Comparison of two linearization schemes for the nonlinear bending problem of a beam pinned at both ends

Abstract

The nonlinear bending problem of a constant cross-section simply supported beam pinned at both ends and subject to a uniformly distributed load q ( x ) is analyzed in detail. The numerical integration of the two-point boundary value problem (BVP) derived for the nonlinear Timoshenko beam is tackled through two different linearization schemes, the multi-step transversal linearization (MTrL) and the multi-step tangential linearization (MTnL), proposed by Viswanath and Roy (2007). The fundamentals of these linearization techniques are to replace the nonlinear part of the governing ODEs through a set of conditionally linearized ODE systems at the nodal grid points along the neutral axis, ensuring the intersection between the solution manifolds (transversally in the MTrL and tangentially in the MTnL). In this paper, the solution values are determined at grid points by means of a centered finite differences method with multipoint linear constraints ( Keller, 1969), and a simple iterative strategy. The analytical solution for this kind of bending problem, including the extensional effects, can be worked out by integration of the governing two-point BVP equations ( Monleón et al., 2008).
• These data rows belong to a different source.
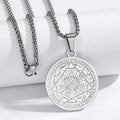 Seal of the 7 Archangels Pendant Necklaces for Men Seal of Solomon Spiritual Talisman Protection Amulet Stainless Steel Jewelry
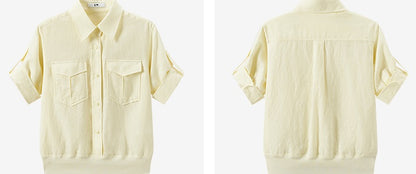COMME MOI summer women's gentle linen shirt - HANAH.
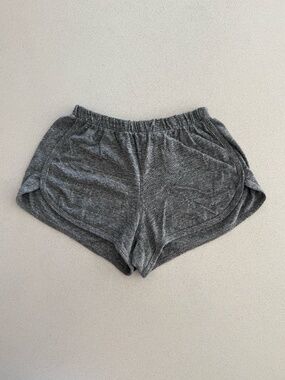 Brandy Melville Grey Salt & Pepper Dolphin Lounge Shorts – Size Small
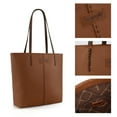 thumbnail image 5 of Wrangler Tote Bag for Women Top Handle Satchel Purse, Brown, 5 of 7
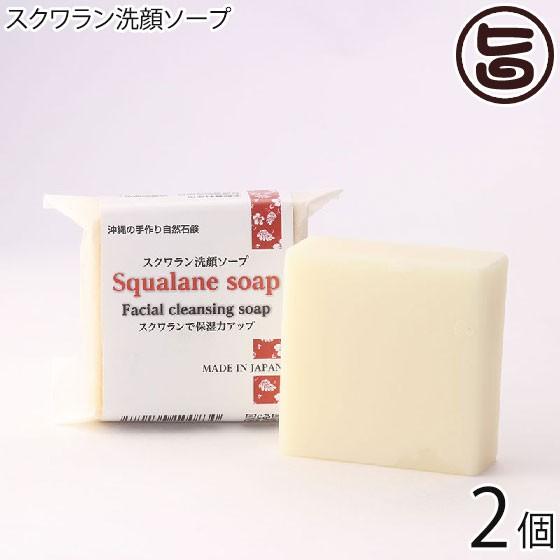 スクワラン洗顔ソープ 100g×2個 スクワラン本舗 スクワランオイル配合 保湿力の高い石鹸 沖縄 ...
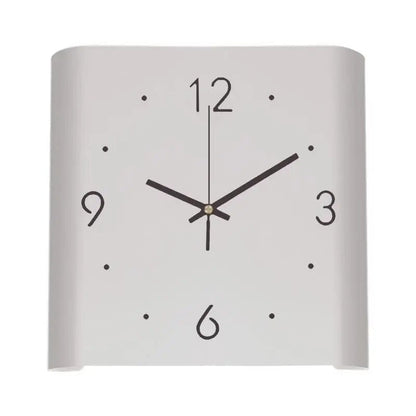 Vierkante wandklok met ledverlichting en stil uurwerk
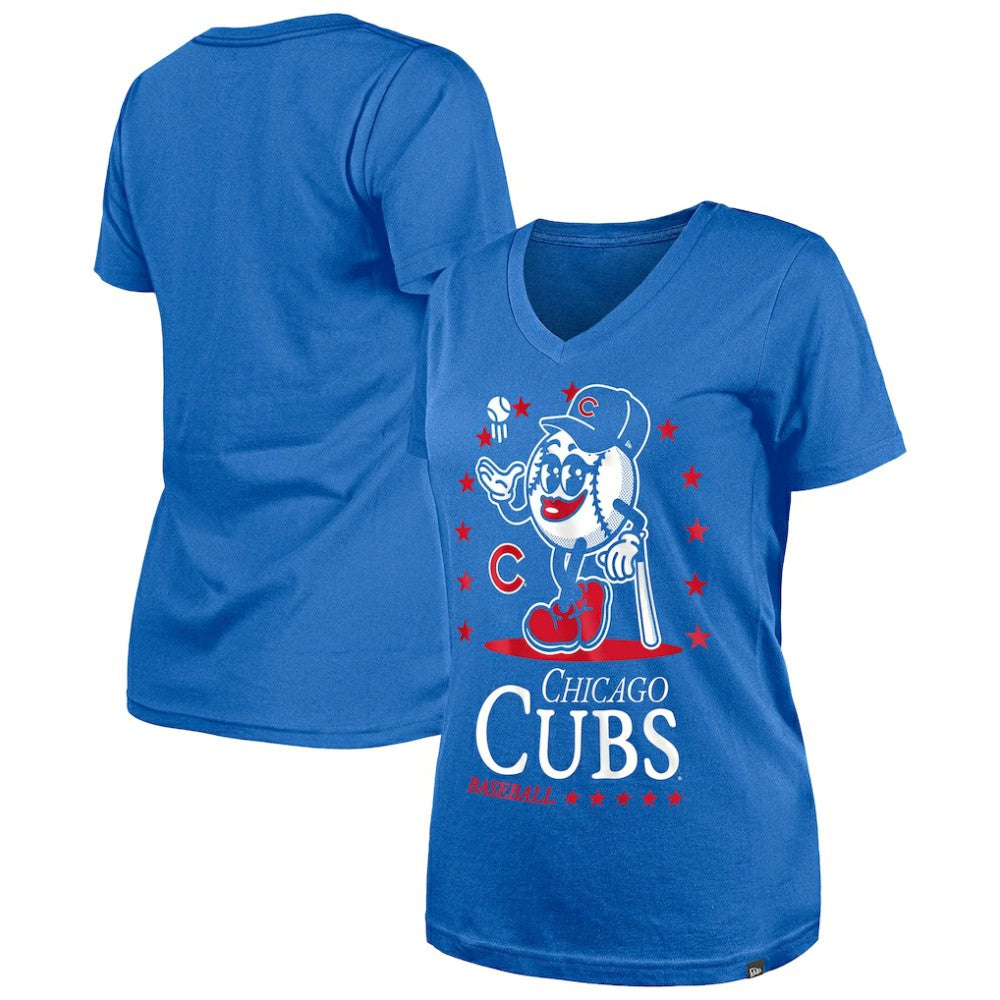 MLB Chicago Cubs New Era Women's Little Miss 2 V-Neck T-Shirt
Finally, the comparison of analytical and numerical results shows the better ability of MTnL with the proposed iterative strategy to reproduce the theoretical behavior of the beam for each load step, because the restraint of equating derivatives in MTnL leads to further closeness between solution paths of the governing ODEs and the linearized ones, in comparison with MTrL. This result is opposed to the conclusion reached in Viswanath and Roy (2007), where the relative errors produced by MTrL are said to be smaller than the MTnL ones for the simply supported beam and the tip-loaded cantilever beam problems.